For my latest TVO article, I spoke with Councillor Shawn Menard in Ottawa, Councillor Rowena Santos in Brampton, and Ryerson University epidemiologist Anne Harris about how cities in Ontario are reallocating road space for pedestrians and cyclists during the ongoing COVID-19 pandemic, or why they may be hesitant to do so.
In Brampton, five kilometres of new bike lanes, proposed in that city’s new transportation plan, were quickly approved as part of its response to COVID-19. This benefits both pedestrians and cyclists by reducing conflicts on sidewalks, reducing congestion on city paths, and recognizing that cycling is an increasingly important mode of transportation.
In Ottawa, despite resistance from the the mayor and council, Shawn Menard, who represents an urban ward just south of Parliament Hill, was able to temporarily close two lanes of traffic on a narrow bridge on a major retail street, and worked with the National Capital Commission to re-allocate a section of parkway for active transportation.
Meanwhile in Toronto, the mayor and medical officer of health were resistant to increasing calls for sidewalk expansions in congested urban areas, including where queues formed to enter grocery stores, pharmacies, hardware stores, and LCBO outlets.
With Walk Toronto, I have been involved with pushing the City of Toronto to take action, especially in pinch points where store queues, construction barriers, and other obstructions have made it difficult — if not impossible — to safely practice physical distancing when walking or cycling for essential purposes, or even getting a little bit of fresh air or light exercise in dense urban areas.
The good news is that ten problem areas — including the intersection of Carlton and Church — have finally been identified for curb lane closures, with potentially more on the way. This is a timid first step, made after weeks of advocacy, but it is welcome.
On Saturday April 11, during the Easter long weekend, the City of Toronto announced that a team of over 350 police officers and bylaw enforcement officers would shift from an education-based campaign of verbal and written warnings to people congregating and using closed amenities in parks to a zero-tolerance ticketing campaign. Tickets for violating orders — intended to slow the spread of COVID-19 — include a fine of up $1,000.

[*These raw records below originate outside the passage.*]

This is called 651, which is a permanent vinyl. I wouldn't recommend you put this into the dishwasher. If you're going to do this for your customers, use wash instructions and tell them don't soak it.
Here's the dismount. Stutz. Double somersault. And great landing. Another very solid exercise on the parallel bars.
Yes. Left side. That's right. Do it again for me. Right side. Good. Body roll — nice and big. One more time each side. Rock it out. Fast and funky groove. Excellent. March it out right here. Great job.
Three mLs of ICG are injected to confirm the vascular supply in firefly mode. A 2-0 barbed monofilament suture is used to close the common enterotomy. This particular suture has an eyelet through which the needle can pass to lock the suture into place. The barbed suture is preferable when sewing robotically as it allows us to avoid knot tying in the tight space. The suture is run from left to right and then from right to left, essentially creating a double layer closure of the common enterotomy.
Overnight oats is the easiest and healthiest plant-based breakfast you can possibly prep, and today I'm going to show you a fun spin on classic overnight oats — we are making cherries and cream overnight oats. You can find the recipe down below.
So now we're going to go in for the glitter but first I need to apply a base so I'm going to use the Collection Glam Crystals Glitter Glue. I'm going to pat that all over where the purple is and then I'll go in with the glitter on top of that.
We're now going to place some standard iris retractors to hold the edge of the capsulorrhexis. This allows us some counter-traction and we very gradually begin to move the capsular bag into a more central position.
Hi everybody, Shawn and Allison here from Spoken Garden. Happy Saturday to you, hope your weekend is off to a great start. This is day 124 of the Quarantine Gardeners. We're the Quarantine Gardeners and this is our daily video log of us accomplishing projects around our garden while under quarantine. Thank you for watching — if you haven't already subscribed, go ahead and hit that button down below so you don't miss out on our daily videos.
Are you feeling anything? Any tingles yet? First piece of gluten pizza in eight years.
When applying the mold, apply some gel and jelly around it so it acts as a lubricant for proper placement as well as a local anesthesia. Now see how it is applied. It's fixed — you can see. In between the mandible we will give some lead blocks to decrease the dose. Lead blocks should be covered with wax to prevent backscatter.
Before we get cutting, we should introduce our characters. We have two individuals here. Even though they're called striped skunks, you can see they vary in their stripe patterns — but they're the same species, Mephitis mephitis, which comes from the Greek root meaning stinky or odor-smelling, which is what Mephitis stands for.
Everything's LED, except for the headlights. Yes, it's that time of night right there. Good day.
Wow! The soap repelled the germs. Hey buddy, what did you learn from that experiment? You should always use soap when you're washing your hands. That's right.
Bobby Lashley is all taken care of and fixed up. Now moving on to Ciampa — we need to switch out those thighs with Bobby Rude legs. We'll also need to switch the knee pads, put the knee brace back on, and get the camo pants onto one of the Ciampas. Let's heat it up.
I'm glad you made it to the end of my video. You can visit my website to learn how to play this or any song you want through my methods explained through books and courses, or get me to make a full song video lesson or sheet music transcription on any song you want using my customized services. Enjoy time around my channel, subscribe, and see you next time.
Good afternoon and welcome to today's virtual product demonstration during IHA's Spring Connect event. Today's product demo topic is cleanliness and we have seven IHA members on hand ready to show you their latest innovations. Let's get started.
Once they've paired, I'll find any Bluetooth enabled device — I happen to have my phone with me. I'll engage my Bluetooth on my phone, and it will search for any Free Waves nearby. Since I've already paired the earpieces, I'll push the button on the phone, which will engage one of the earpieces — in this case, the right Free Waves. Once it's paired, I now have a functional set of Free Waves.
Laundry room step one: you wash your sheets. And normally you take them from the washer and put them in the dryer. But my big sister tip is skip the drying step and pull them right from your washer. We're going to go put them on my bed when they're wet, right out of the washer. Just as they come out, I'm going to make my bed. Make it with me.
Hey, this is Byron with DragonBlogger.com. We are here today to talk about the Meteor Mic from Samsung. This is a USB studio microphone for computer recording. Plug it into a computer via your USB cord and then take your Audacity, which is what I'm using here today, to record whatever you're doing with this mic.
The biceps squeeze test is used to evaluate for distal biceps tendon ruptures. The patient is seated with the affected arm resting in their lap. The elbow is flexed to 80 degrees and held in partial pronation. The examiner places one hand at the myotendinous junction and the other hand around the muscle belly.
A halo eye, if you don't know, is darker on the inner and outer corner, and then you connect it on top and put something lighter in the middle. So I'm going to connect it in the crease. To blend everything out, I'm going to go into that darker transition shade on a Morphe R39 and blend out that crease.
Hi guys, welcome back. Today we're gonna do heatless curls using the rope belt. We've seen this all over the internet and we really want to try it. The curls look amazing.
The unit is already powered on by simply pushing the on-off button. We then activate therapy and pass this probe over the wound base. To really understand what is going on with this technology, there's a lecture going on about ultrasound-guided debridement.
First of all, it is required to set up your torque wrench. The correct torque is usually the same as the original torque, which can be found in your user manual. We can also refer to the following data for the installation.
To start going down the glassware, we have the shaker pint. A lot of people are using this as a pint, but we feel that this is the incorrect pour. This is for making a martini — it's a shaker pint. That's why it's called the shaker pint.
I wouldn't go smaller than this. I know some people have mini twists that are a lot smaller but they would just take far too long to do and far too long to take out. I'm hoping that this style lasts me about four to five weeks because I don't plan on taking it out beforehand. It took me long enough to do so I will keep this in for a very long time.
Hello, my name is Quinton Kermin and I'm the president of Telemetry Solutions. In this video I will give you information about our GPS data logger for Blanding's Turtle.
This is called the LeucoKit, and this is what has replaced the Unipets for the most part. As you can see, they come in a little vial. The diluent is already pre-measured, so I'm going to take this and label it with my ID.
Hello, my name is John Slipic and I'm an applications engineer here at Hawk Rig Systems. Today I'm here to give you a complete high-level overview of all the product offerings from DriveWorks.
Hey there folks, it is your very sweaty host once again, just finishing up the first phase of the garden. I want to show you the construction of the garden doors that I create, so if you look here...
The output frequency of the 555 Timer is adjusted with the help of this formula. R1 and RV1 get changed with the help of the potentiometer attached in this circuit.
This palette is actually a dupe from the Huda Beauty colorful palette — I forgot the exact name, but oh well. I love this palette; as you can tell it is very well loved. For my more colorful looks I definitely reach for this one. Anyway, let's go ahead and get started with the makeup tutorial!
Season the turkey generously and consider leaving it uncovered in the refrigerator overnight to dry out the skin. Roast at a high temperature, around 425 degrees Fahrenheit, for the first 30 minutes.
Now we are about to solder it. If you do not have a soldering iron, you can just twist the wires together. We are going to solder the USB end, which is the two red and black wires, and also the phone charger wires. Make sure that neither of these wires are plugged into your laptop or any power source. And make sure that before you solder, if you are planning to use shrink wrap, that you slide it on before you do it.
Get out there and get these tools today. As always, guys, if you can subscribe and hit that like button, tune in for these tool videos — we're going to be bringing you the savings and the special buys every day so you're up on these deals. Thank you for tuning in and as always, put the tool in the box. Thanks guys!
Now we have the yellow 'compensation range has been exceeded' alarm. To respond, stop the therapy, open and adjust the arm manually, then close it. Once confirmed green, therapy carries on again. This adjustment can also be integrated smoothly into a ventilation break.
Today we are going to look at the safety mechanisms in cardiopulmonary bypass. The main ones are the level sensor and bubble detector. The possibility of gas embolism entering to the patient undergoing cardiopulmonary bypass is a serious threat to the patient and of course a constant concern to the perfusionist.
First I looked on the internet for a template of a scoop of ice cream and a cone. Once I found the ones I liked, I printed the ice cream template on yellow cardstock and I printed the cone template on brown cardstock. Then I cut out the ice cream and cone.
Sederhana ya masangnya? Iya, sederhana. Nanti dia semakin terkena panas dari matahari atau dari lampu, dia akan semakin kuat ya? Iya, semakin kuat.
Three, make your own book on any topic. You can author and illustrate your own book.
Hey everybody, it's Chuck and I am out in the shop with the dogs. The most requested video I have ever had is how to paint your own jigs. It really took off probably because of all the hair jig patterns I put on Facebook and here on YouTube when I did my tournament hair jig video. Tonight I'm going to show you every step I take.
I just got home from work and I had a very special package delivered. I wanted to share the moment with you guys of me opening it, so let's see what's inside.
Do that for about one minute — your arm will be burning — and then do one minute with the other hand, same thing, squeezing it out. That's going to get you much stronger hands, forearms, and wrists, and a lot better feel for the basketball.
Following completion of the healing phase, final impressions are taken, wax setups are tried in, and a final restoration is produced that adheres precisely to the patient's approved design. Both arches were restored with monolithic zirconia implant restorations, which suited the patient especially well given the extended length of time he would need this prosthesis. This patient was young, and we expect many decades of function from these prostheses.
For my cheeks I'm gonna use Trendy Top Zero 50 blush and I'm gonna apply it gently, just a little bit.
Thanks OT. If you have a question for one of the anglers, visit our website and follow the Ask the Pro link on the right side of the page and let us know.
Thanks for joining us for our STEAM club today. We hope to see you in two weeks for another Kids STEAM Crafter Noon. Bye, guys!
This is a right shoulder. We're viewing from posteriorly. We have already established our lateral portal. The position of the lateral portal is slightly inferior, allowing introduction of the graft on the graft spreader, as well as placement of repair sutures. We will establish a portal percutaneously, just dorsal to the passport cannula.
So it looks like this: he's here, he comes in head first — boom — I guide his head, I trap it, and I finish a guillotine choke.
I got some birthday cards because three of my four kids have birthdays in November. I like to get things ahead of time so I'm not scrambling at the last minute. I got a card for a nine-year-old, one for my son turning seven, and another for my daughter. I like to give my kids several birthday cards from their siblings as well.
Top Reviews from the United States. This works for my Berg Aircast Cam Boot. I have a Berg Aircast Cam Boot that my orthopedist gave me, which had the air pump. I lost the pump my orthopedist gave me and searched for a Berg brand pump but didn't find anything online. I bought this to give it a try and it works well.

In the press release, the city listed twenty parks specifically targeted for enforcement. Though most are located in the old City of Toronto and along Lake Ontario, there are several others located in Toronto’s inner suburbs.
The list of parks include several along Toronto’s waterfront, including Humber Bay Park, Woodbine Beach, and Bluffers Park. It also includes several small downtown parks adjacent to recent high rise residential development, including Corktown Common, College Park, and Allan Gardens. Large suburban parks known for family gatherings and picnics, such as Earl Bales, G. Ross Lord, and Sunnybrook Parks are also on the list.
These parks are illustrated in the map below.
Though many of us are at home, working remotely or waiting for schools and workplaces to reopen, those employed in essential industries and services do not have a choice. For the rest of us not required to self-isolate, an occasional walk or bicycle ride is good for our mental and physical well-being. It may be necessary to pick up food and prescriptions.
For those of us without yards and quiet residential neighbourhoods, going outside means either navigating narrow and occasionally crowded sidewalks, or going to nearby small and busy parks, especially those without access to a car. In my experience so far, the vast majority of people are respecting the calls for physical distancing.
Closing parking lots and amenities such as playgrounds and picnic facilities makes sense. Where possible, we shouldn’t be straying far from home while physically distancing, and we should be keeping close to those we’re living with. Meanwhile, tens of thousands of people live in apartments in Mimico and Humber Bay Shores; they shouldn’t be crowded out of their own backyard by others seeking a stroll along the waterfront.
But downtown and in the Yonge-Eglinton area, quiet open spaces close to home may be hard to come by. Sidewalks are narrow, construction barriers such as scaffolding make physical distancing especially difficult, and along Eglinton Avenue, Crosstown LRT construction has made getting around on foot especially challenging, with pedestrians often restricted to narrow passages.
These help to explain the problems at College Park, Eglinton Park, and Allan Gardens. Furthermore, Allan Gardens is close to several shelters and social services such as Seaton House, and has long been a place for marginalized residents to socialize and linger.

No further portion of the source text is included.